# Men's Hair Loss > Hair Loss Treatments > Cutting Edge / Future Treatments >  2013

## thechamp

2013 and propecia and minoxidil and nizoral are our best options how pathetic when is this going to change !!

----------


## john2399

It is just pathetic.

----------


## youngsufferer

Mommy take care of me! Take care of me while I lay here and do nothing! You're not doing a good enough job!


No wonder our culture gets away with shaming baldness, look at how whiny bald men are.

----------


## hellouser

Dr. Roland Lauster needs to be given the go ahead and turn his findings into a treatment and a consumer treatment. The guy basically has the final answer but all this legal maneuvering he's gotta go through is whats holding us back.

----------


## Pate

> No wonder our culture gets away with shaming baldness, look at how whiny bald men are.


 I think you're confusing cause and effect there. Bald men are whiny and depressive because of the constant stream of shaming they have to put up with.

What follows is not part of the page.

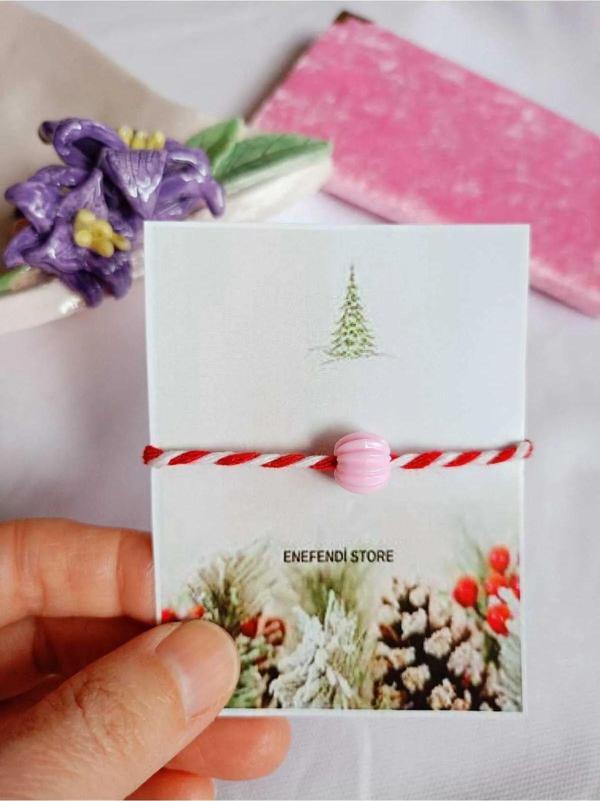 Pembe Boncuklu Marteniçka Bileklik Şans Arkadaş Sevgili Eş Çocuk Hediye Bahar Bilekliği Kartlı. - Image 1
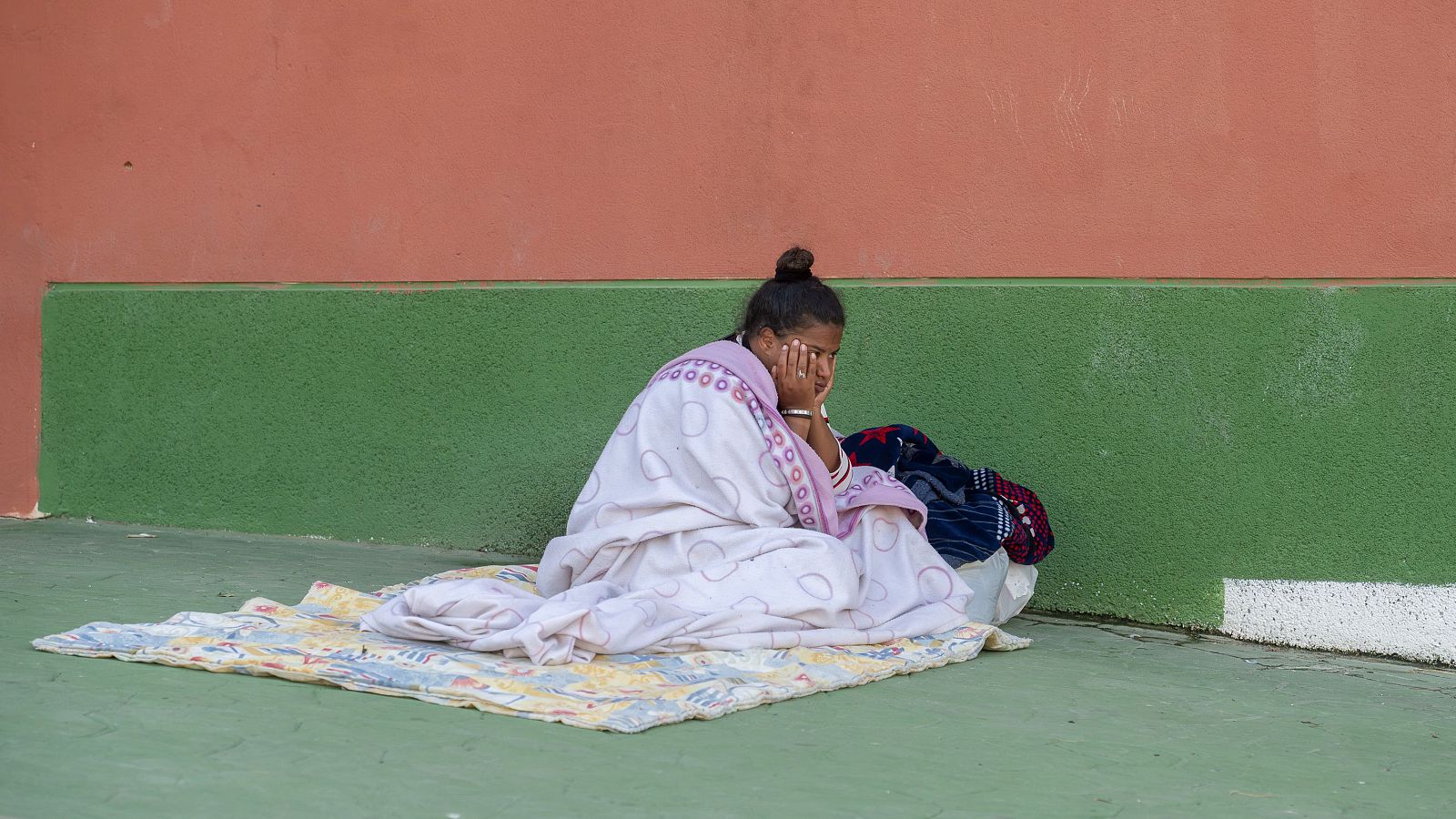 Los vecinos, única ayuda para muchos migrantes vulnerables en Ceuta - Telediario 1 | Ver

It is a pretty sad state of affairs though. It's been recognised for centuries that a baldness cure is a surefire path to riches, yet we're still here where the gold standard pharmacological treatment aims to simply delay your hair loss by a few years.

We've seen so many treatments since Propecia came on the market that promised to be better but faded into obscurity. The only one that seriously looked like it would challenge Propecia was RU, and the companies that have held the patent have sat on it for almost a decade now, forcing us to get it via slightly less-than-legal means, with no oversight or quality control.

And now we're still looking at 2015 at the absolute earliest before we get a new product, which will probably just be bimatoprost.

I'd say baldies have a lot to be bitter about.

----------


## Pate

> Dr. Roland Lauster needs to be given the go ahead and turn his findings into a treatment and a consumer treatment. The guy basically has the final answer but all this legal maneuvering he's gotta go through is whats holding us back.


 The other thing that is depressing, apart from the legal and administrative red tape they have to go through, is how hard it is for them to get funding.

Only Aderans has had enough funding. It really shows how nobody really believes any of them will find a true cure - because a true cure or even just a truly effective treatment would be a no-brainer of an investment.

But nobody wants to give them money, so obviously nobody believes they can do it.

----------


## jgold

we should form a posse / gang to force them to make us something that will work or help. realistic?

----------


## jman91

Maybe they should employ a crowd sourcing model to raise funds by making an an easy way to donate to these companies. Major lobby groups in america raise hundreds of millions a year by doing this. the giant demographic of sufferers would allow huge sums to be donated e.g if the 40 million hairloss sufferers in the US alone donated just $20 a year that would amount to 800 million dollars a year, with that kind of funding hairloss would be a thing of the past within 5 yrs....lets remember that companies like histogen are doing what they do with only 20-30 million dollars (that's just 75 cents a year from all US hairloss sufferes)! Maybe the bald truth admins should even set up a donations tool on this site.

----------


## DepressedByHairLoss

You're right, today's options are not only limited, but completely and utterly pathetic.  Most of us are so determined to fight hair loss and we need much better options to do so.  Yeah, Roland Lauster really does seem to have an awesome solution to hair loss.  Hair loss treatments do not get the necessary funding because hair loss is not considered a life-threatening disease.  And it gets so marginalized and made fun of in the media, that many people so very wrongly consider it to be a joke and not a big deal.

----------


## Kirby_

> You're right, today's options are not only limited, but completely and utterly pathetic.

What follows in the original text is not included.